Copy, from the material below, each line where "Earrings" shows up.
BEGIN
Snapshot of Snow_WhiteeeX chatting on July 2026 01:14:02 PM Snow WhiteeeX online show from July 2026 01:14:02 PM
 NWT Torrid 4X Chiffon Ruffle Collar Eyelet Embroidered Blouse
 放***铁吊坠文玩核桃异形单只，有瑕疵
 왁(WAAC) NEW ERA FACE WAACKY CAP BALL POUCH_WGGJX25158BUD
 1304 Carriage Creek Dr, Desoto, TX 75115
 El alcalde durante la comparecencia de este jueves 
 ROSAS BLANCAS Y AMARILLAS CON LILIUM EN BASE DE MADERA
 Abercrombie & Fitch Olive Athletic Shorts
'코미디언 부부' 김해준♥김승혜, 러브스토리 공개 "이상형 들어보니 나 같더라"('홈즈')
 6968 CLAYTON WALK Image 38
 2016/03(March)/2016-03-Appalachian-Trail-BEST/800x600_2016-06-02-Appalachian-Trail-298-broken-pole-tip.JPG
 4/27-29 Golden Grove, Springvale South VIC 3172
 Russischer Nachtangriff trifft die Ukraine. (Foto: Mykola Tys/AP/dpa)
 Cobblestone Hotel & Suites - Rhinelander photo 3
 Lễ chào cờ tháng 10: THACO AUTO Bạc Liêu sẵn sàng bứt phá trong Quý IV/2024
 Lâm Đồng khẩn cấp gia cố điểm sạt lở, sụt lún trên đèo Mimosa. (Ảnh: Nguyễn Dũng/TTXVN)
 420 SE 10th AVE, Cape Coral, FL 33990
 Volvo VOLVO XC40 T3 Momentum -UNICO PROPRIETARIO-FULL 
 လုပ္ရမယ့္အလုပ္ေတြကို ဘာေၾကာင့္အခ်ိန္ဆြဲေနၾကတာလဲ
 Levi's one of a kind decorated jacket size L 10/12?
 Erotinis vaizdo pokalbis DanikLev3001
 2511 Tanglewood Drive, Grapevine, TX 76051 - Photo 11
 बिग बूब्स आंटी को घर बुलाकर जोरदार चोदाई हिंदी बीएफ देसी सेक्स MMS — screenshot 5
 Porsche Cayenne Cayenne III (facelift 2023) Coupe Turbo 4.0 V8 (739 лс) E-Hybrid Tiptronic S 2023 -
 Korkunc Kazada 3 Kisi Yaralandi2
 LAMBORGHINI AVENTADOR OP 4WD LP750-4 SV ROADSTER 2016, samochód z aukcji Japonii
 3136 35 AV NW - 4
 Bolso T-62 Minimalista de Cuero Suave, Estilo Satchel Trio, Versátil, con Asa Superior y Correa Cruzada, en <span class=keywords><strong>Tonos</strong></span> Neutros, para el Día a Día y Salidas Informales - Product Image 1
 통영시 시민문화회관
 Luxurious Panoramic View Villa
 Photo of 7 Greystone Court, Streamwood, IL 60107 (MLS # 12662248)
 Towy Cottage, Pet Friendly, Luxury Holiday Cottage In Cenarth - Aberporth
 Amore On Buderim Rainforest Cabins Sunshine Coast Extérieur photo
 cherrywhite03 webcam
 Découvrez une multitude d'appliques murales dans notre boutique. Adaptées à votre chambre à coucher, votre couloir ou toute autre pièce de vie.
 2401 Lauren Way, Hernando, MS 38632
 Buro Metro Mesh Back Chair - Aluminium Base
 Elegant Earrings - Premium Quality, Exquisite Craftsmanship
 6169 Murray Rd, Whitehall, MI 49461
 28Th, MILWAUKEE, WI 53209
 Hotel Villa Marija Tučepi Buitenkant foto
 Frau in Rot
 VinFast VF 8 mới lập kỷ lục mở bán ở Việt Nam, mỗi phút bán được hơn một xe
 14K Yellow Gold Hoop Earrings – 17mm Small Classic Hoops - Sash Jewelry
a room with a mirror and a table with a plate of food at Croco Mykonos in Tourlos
END
SOLUTION FOR THIS TASK:
 Elegant Earrings - Premium Quality, Exquisite Craftsmanship
 14K Yellow Gold Hoop Earrings – 17mm Small Classic Hoops - Sash Jewelry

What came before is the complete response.